• [What needs to be done]: In the entries that follow, find the line containing "STYLO 3D DESSINER EN VOLUME" and the line containing "Inkwell Leviathan (2xm)", then retype exactly the lines from the first through the second, pictures excluded.

• [Task inputs]:
[Start of section]
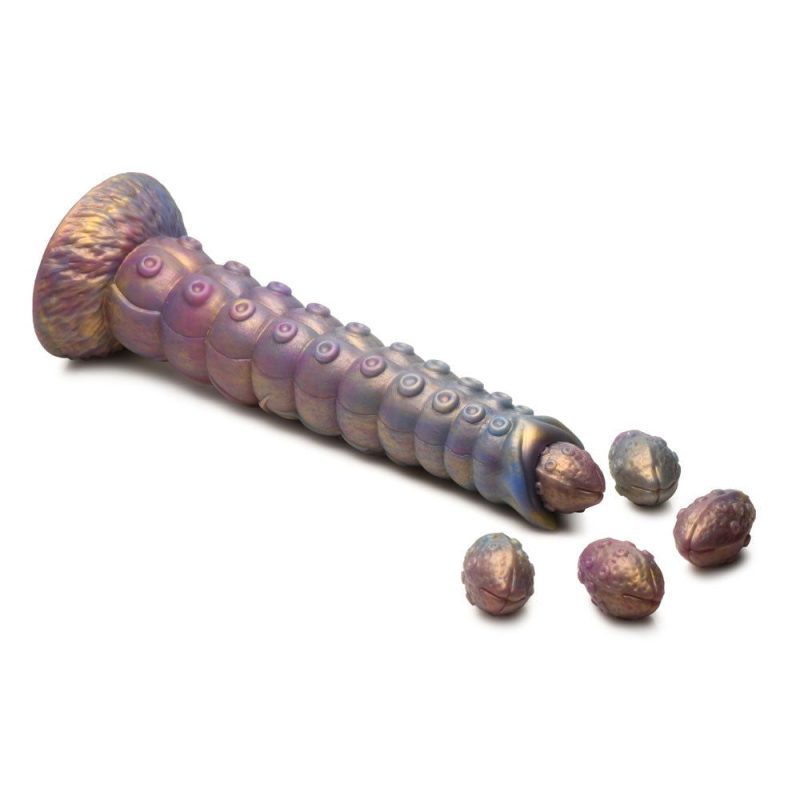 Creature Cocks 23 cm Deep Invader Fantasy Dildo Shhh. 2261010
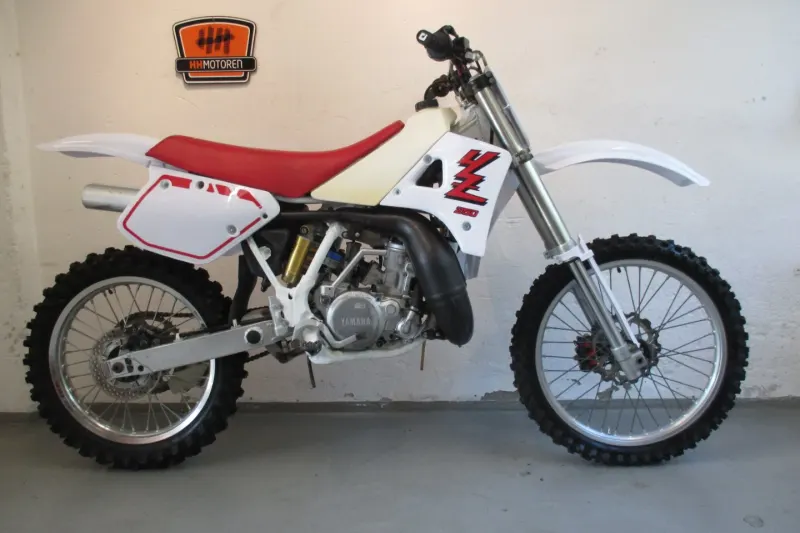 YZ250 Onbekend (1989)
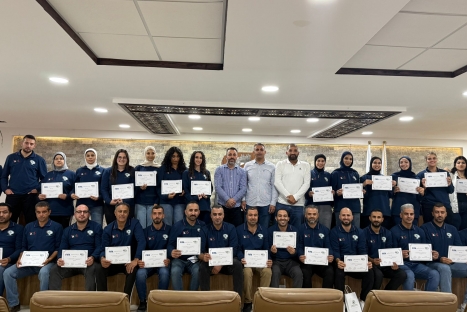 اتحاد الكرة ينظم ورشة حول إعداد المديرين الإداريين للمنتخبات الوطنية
[End of section]
[Start of section]
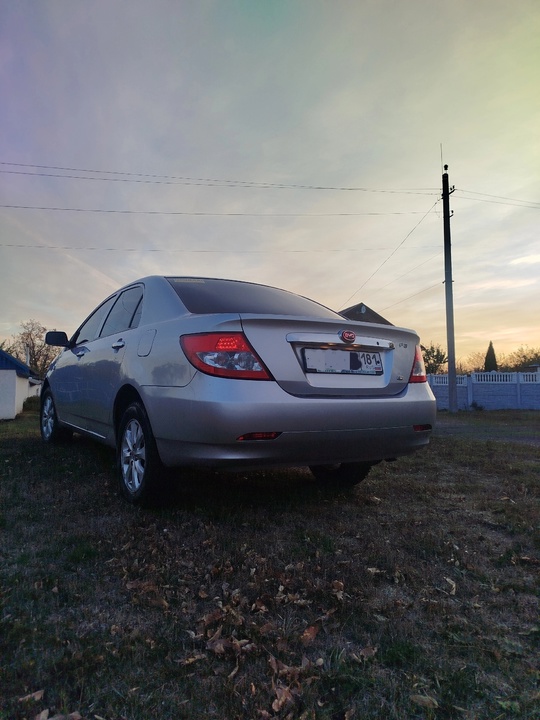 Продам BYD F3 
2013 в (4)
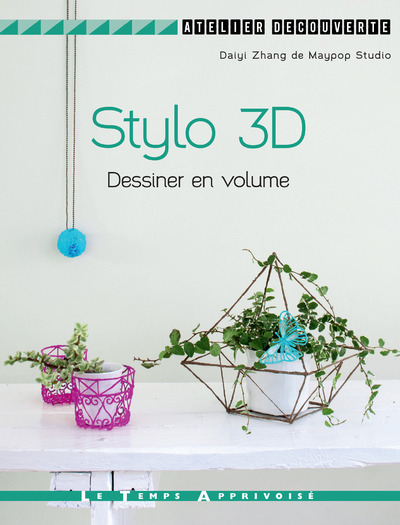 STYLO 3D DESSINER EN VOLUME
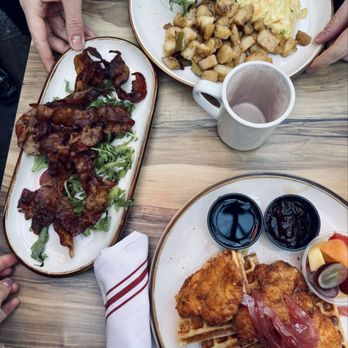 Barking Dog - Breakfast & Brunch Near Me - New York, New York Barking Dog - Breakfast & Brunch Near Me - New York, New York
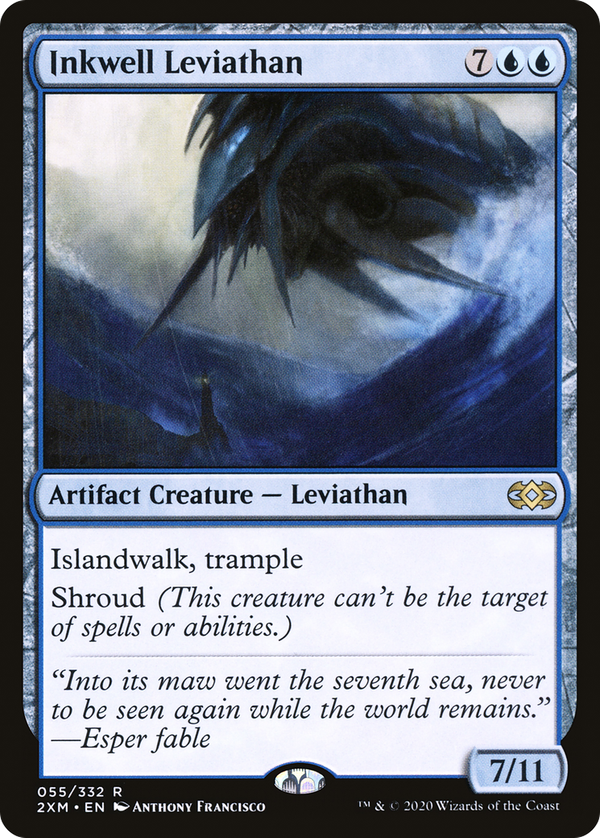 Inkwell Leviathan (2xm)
[End of section]
• [Written answer]:
 STYLO 3D DESSINER EN VOLUME
 Barking Dog - Breakfast & Brunch Near Me - New York, New York Barking Dog - Breakfast & Brunch Near Me - New York, New York
 Inkwell Leviathan (2xm)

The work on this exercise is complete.